It is the first time that a covered bond program has been established in Germany under general German law, in contrast to many other European covered bonds that rely on specific legislation. The incorporation of securitization techniques has enabled the sponsor to create a covered bond that shares characteristics with covered bonds backed by a specific legal framework.
"To me the whole thing looks more like a classical RMBS transaction and not so much like a covered bond," said Claudia Vortmuller of covered bonds research at Commerzbank Corporates & Markets. "However, one thing that is a typical covered bond feature is the fact that you have direct recourse to Landesbank Berlin. In terms of lending value [they] adhere to Pfandbrief legislation. However, Landesbank Berlin always has the option to amend the program."
Landesbank Berlin's Christian Scheibe said that, although the structure does employ technology from securitization structuring, a major difference is that there is no true sale or SPV behind Landesbank's transaction. The "secured bearer bond," as Scheibe coined it, incorporates all of the ideas of the pfandbrief, although the program has been structured using securitization techniques to fence in the cover pool upon insolvency of the sponsor bank. This enables the issuer to create a covered bond that has similar characteristics to the covered bonds backed by a specific legal framework, explained Moody's Investors Service analysts.
Moody's applied its general covered bond methodology and extended it to take into consideration the three levels of protection - LBB, Sparkassen and the mortgage pool - present in the transaction. "Moody's approach to covered bonds considers that the ratings of the notes are linked to the probability of the issuer default, as covered bonds are a bank's debt," he explained. "However, in this particular structure, the rating of the notes is linked to the joint probability of both the issuer and the relevant sparkassen defaulting, as most of the risks (refinancing or market risks) materialize only if the default on both entities occurs."
From a credit perspective, the structure employed by Landesbank Berlin can even offer some advantages over issuing a straight-out pfandbrief. "Some risks specific to covered bonds, such as refinancing risk (as the "natural" amortization of the cover pool assets may not be sufficient to repay the notes at the maturity) have even been reduced as compared to other covered bonds," said Jose de Leon, vice president and senior analyst at Moody's. "Furthermore, the 12-month built-in extension maturity is an inherent source of liquidity in the structure, and it makes it more likely that the cover pool will be sold prior to the extended final maturity date at a price that will make covered bonds whole."
Commerzbank's Vortmuller explained that, under the Landesbank structure, the issuer transfers the loans under the new concept of the refinance register and not under the covered pool as is usually the case when dealing with a straight-out covered bond structure. For smaller savings banks, having this as an alternative option would lessen restrictions prescribed under the pfandbrief act that currently hinder their access to the German structured covered-bonds market.

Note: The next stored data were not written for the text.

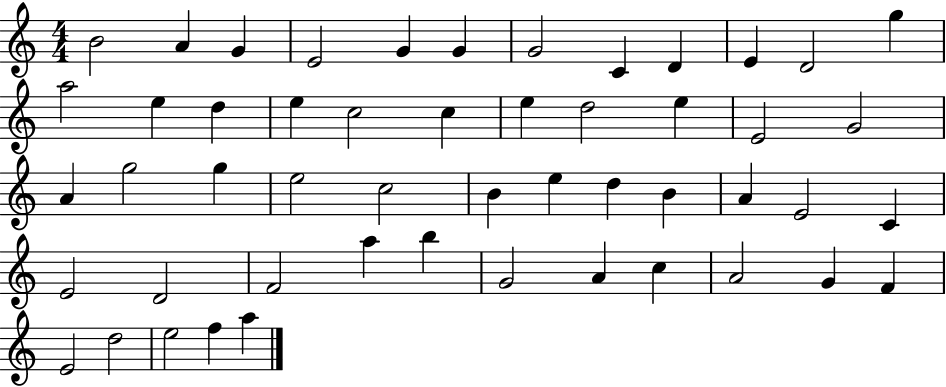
{
  \clef treble
  \numericTimeSignature
  \time 4/4
  \key c \major
  b'2 a'4 g'4 | e'2 g'4 g'4 | g'2 c'4 d'4 | e'4 d'2 g''4 | \break a''2 e''4 d''4 | e''4 c''2 c''4 | e''4 d''2 e''4 | e'2 g'2 | \break a'4 g''2 g''4 | e''2 c''2 | b'4 e''4 d''4 b'4 | a'4 e'2 c'4 | \break e'2 d'2 | f'2 a''4 b''4 | g'2 a'4 c''4 | a'2 g'4 f'4 | \break e'2 d''2 | e''2 f''4 a''4 | \bar "|."
} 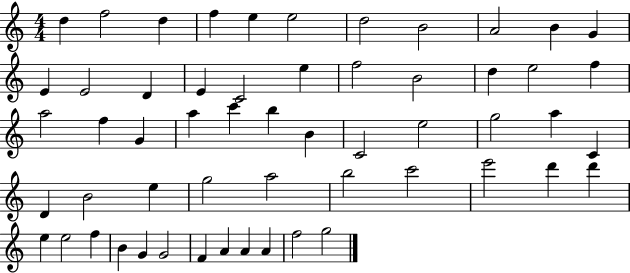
{
  \clef treble
  \numericTimeSignature
  \time 4/4
  \key c \major
  d''4 f''2 d''4 | f''4 e''4 e''2 | d''2 b'2 | a'2 b'4 g'4 | \break e'4 e'2 d'4 | e'4 c'2 e''4 | f''2 b'2 | d''4 e''2 f''4 | \break a''2 f''4 g'4 | a''4 c'''4 b''4 b'4 | c'2 e''2 | g''2 a''4 c'4 | \break d'4 b'2 e''4 | g''2 a''2 | b''2 c'''2 | e'''2 d'''4 d'''4 | \break e''4 e''2 f''4 | b'4 g'4 g'2 | f'4 a'4 a'4 a'4 | f''2 g''2 | \break \bar "|."
} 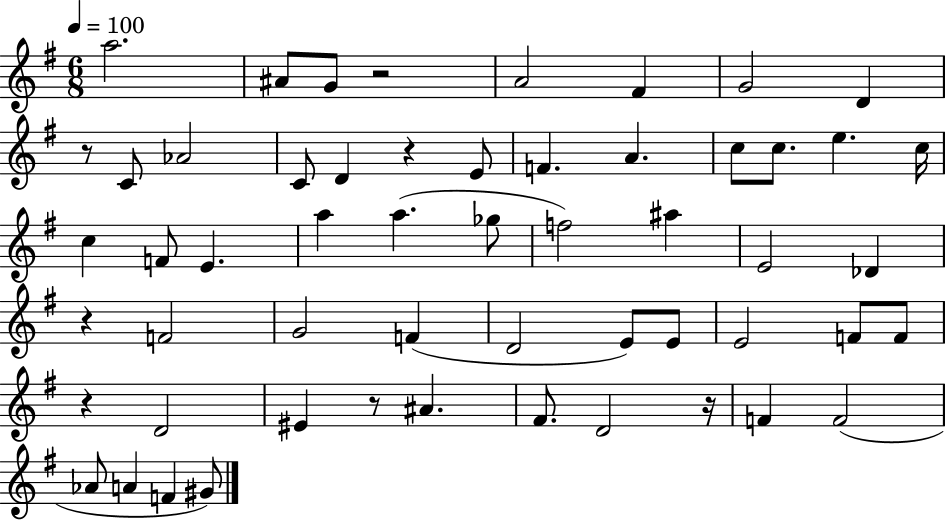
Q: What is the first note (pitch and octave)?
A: A5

Landesbank's Scheibe said that the bank plans to issue its own loans with an 80% LTV in this initial transaction, slightly higher than the 60% LTV limit set out under the pfandbrief act. However, he said that his firm would like to start incorporating loans from some of the smaller banks that have healthy books. He hopes future issuers will be encouraged by investor appetite for this inaugural transaction and added that investors now have an opportunity to hold German savings bank assets from these smaller banks.
"With this structure we address the needs of smaller banks that do not have the critical mass to issue a Pfandbrief but nonetheless have a very good mortgage portfolio," Scheibe said. He estimated that Germany had around 460 savings banks, some of which had the critical mass on the balance sheet to issue Pfandbriefe, but others did not have enough to make an issue cost effective.
"The structure also offers more flexibility in terms of frequency of issuance," Vortmuller said. "Under pfandbriefe law, an issuer must issue every two years, so when you issue and what you issue is closely regulated."
Spain and France have both issued covered bonds structured outside of their respective legislation. In Spain, the largest issuer, AyT, is an SPV, which issues bonds backed by a pool of up to 43 savings banks. These bonds, in a strict sense, are not cedulas (bonds issued under Spain's specific covered bond legislation) and benefit from securitization mechanisms such as extension maturity or liquidity lines. In France, structured deals and solutions coexist with the obligations foncieres.
"Our experience in other jurisdictions is that structural solutions may coexist with covered bonds based on specific covered bond legislation, and they might be complementary to them, for example, to fund noneligible assets or to pool multi issuer deals," Moody's de Leon said.